Klare Antworten darauf gibt es nicht, nur eine Vielzahl von Szenarien, deren Eintreten wiederum von einer weiteren Vielzahl an Faktoren abhängt. Wir versuchen, mögliche Chancen und Gefahren zu skizzieren.
Trumps Chancen
- Donald Trump ist lernfähig: Noch vor wenigen Tagen hatte die US-Regierung die Losung ausgegeben, dass die Syrer selbst über das Schicksal des Präsidenten Baschar al Assad entscheiden sollten und die USA kein Interesse daran hätten, ihn aus dem Amt zu drängen. Diese Statements wurden als Signal verstanden, dass US-Präsident Donald Trump sich nicht militärisch in dem Bürgerkrieg engagieren wolle. Trump selbst hatte in zahllosen Äußerungen immer wieder darauf hingewiesen, dass er ein Eingreifen der USA in Syrien für falsch halte. Doch nun die Wende. Offenbar beginnt Trump zu begreifen, dass ihm zwar die Rolle der USA als Weltpolizist nicht gefallen mag, aber die Welt ohne den Polizisten USA auch nicht sicherer wird. Bislang jedenfalls haben in Syrien sämtliche politischen wie diplomatischen Versuche nichts bewirkt.

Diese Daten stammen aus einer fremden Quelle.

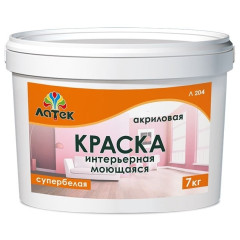 Краска в/д ЛАТЕК Л 204 Интерьерная Моющаяся 7кг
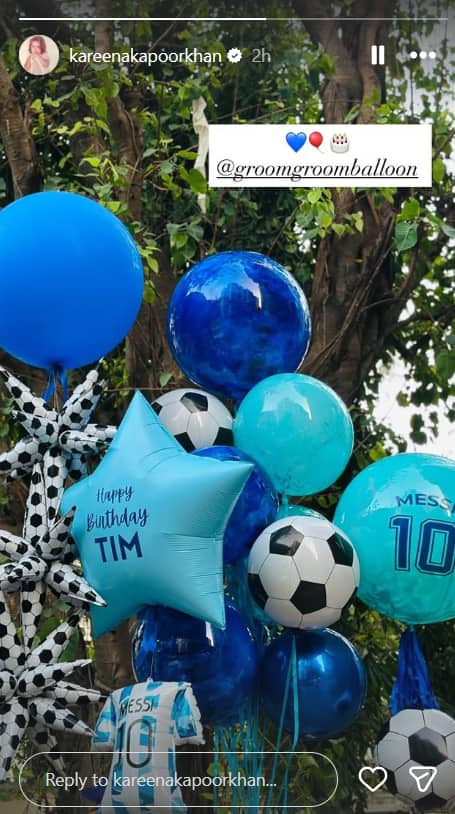 तैमूर के बर्थडे पर करीना कपूर ने रखी मेस्सी वाली फुटबाल थीम पार्टी, इनसाइड तस्वीर आई सामने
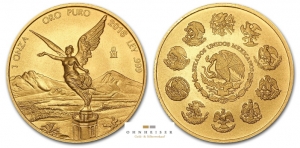 1/1 Oz Libertad Siegesg�ttin Gold Mexico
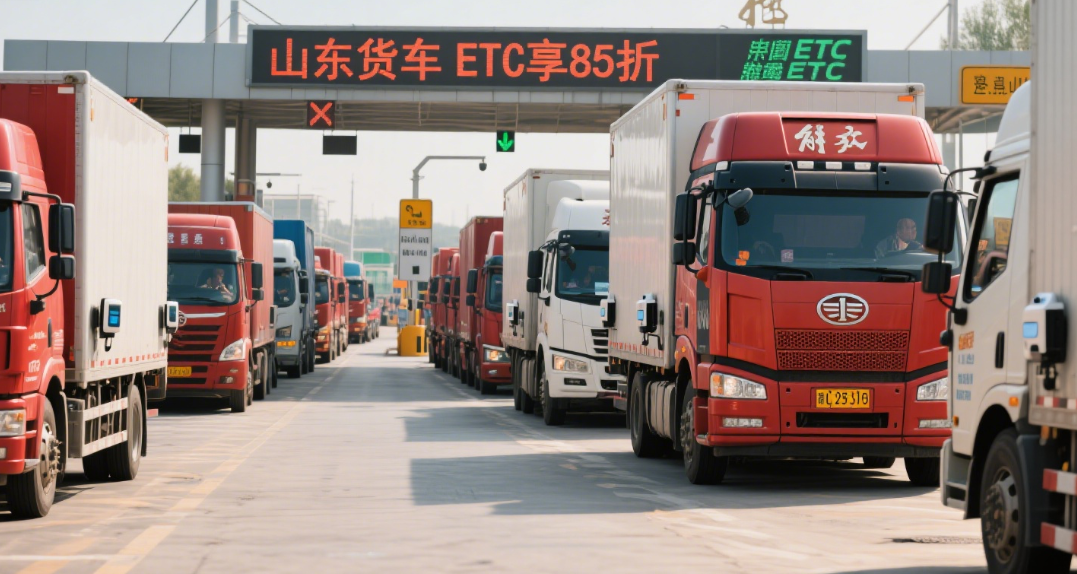山东货车85折优惠ETC办理以及优惠指南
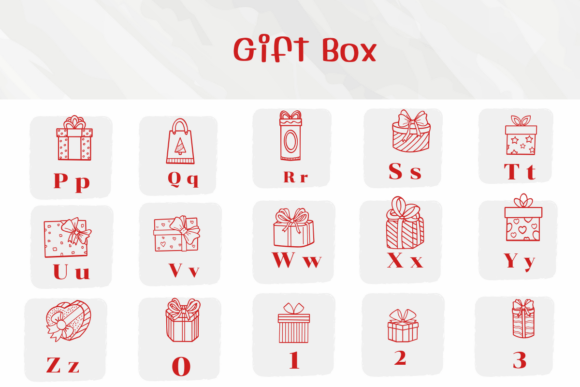 Gift Box Font preview 3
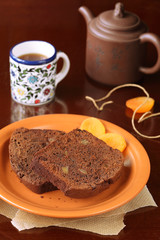 Two pieces of Chocolate Ginger Cake
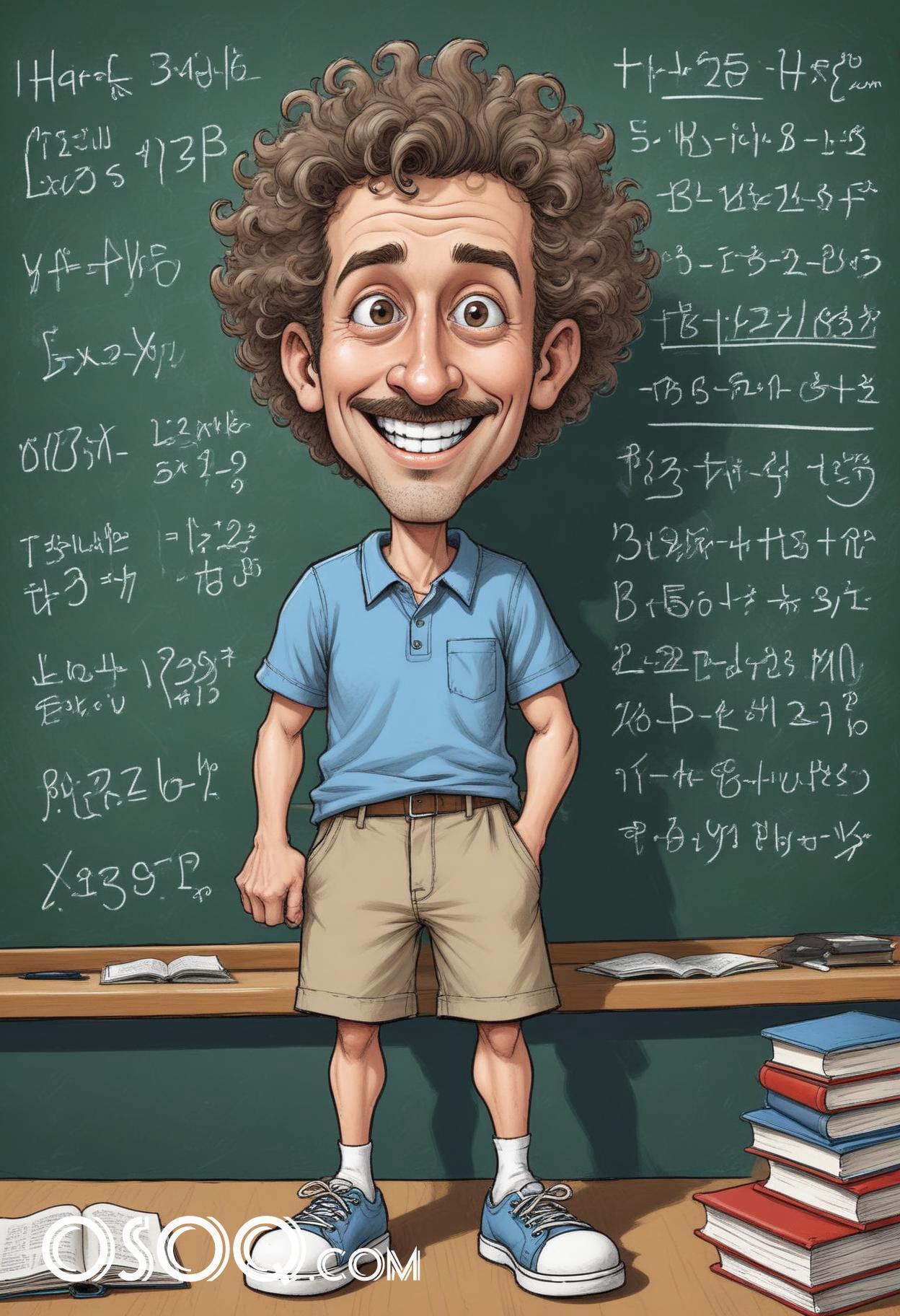 Male teacher cartoon 13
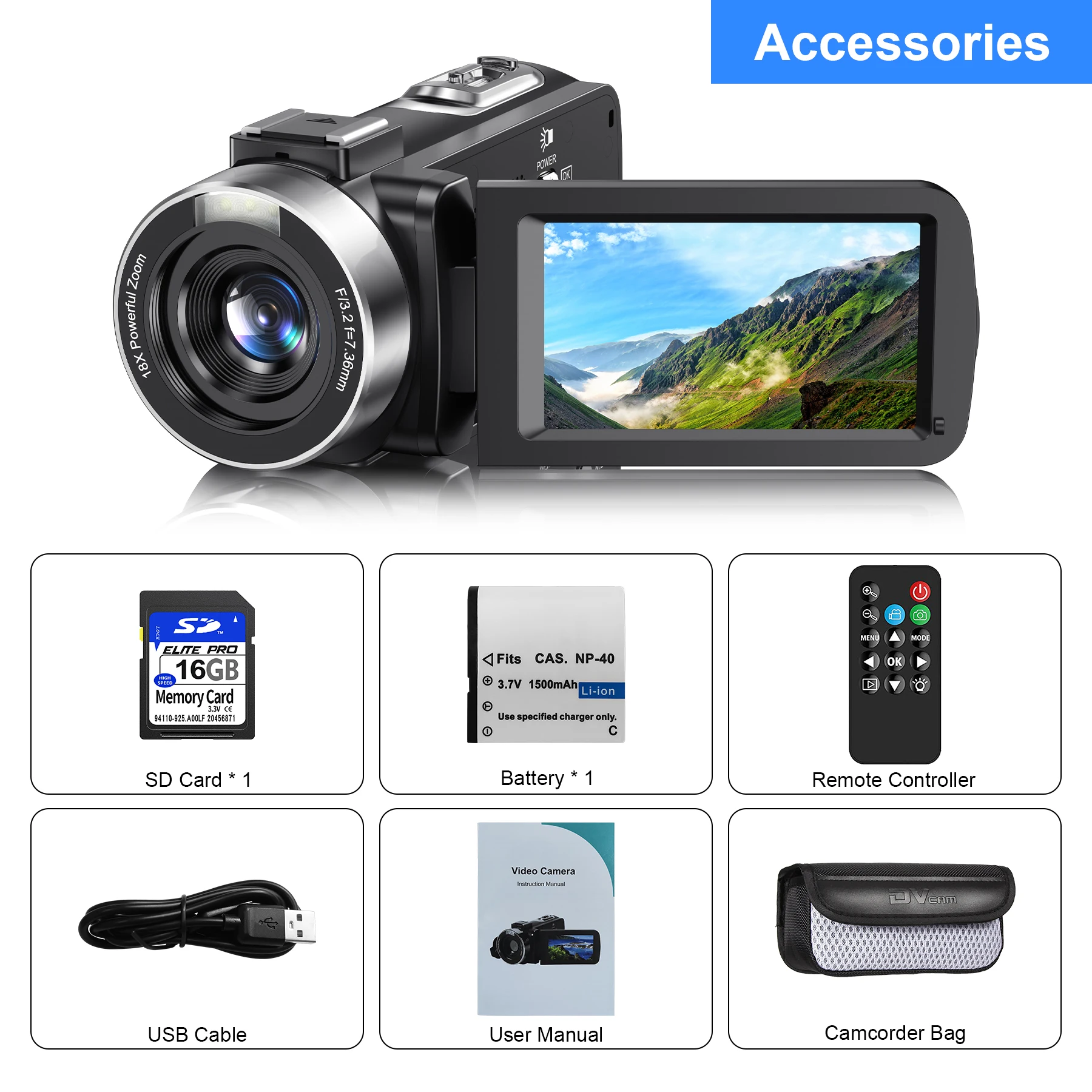 كاميرا فيديو 4K للتصوير الفوتوغرافي 42 ميجابكسل واي فاي كاميرا ويب بث مباشر كاميرا فيديو 18X تكبير رقمي كاميرا تسجيل فيديو لمسجل يوتيوب المبتدئين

- Das Überraschungsmoment: Nach der jüngsten Giftgasattacke, bei der mehr als 80 Menschen ums Leben gekommen waren, schickte Trump 59 Marschflugkörper los - in seiner typischen Impulsivität. Damit überraschte er Freund wie Feind. Die neue Unberechenbarkeit der USA dürfte die Bürgerkriegsparteien nachhaltig verunsichern. Bislang konnten sich sowohl Assad als auch sein Verbündeter Wladimir Putin darauf verlassen, dass Washington in Syrien die Füße stillhält. Das ist nun vorbei.

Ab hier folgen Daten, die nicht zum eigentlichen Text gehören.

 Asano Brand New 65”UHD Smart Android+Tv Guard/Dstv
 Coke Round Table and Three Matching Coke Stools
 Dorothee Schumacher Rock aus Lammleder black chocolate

- Auf Worte folgen Taten: Donald Trump hatte direkt nach dem Chemieangriff Konsequenzen angedroht, ohne Details zu nennen. Viele Beobachter gingen davon aus, dass seine Regierung entweder keine konkreten Pläne für diesen Fall hatte oder dass er es bei der Ankündigung belässt. Diese Einschätzung hat er mit dem Militärschlag widerlegt. Anders als sein Vorgänger Barack Obama, der 2012 zwar sagte, mit Giftgaseinsätzen würde Baschar al Assad eine "rote Linie" überschreiten, seinen Worten aber keine Taten folgen ließ. Die neue Konsequenz Washingtons werden die Bürgerkriegsparteien interessiert wie beeindruckt zur Kenntnis nehmen.

- Russland erhöht Druck auf Assad: Obwohl fast alles darauf hindeutet, dass die Attacke mit chemischen Waffen auf ein Wohnviertel im syrischen Chan Scheichun von den Regierungstruppen verübt wurde, gibt es dafür noch keinen endgültigen Beweis. Sicher aber ist: In der Vergangenheit haben Assads Soldaten mehrfach Giftgas gegen die eigene Bevölkerung eingesetzt, Donald Trump könnte seinen Schlag gegen die syrische Militärbasis als generelle Strafaktion gegen die Führung in Damaskus verkaufen – auch in diesem Fall wäre ihm wohl die Unterstützung der meisten (Nato-)Partner sicher. Im besten Fall wird Waldimir Putin auf seinen Schützling Assad einwirken, in Zukunft wenigstens auf den Einsatz der verbotenen Substanz zu verzichten. Zumal Russland Syrien schon vor vier Jahren aufgefordert hatte, seine Giftgasbestände zu vernichten.
- Bewegung im Bürgerkrieg: So bitter es auch klingt, doch bislang haben in Syrien ausschließlich Militäreinsätze Bewegung in den lange Zeit erstarrten Konflikt gebracht. Wenn auch nicht immer zugunsten der normalen Bevölkerung. Bis zum Engagement Russlands im September 2015 lähmten sich die drei Hauptkriegsparteien (Assad-Regime, Rebellen und Islamischer Staat) gegenseitig. Alle Versuche, die Waffen auf zivilem Wege zum Schweigen zu bringen, verpufften. Mittlerweile aber sind die Islamisten des IS aus weiten Teilen Syriens zurückgedrängt worden und das einst kurz vor dem Aus stehende Assad-Regime hat die Kontrolle über Teile des Landes zurückgewonnen.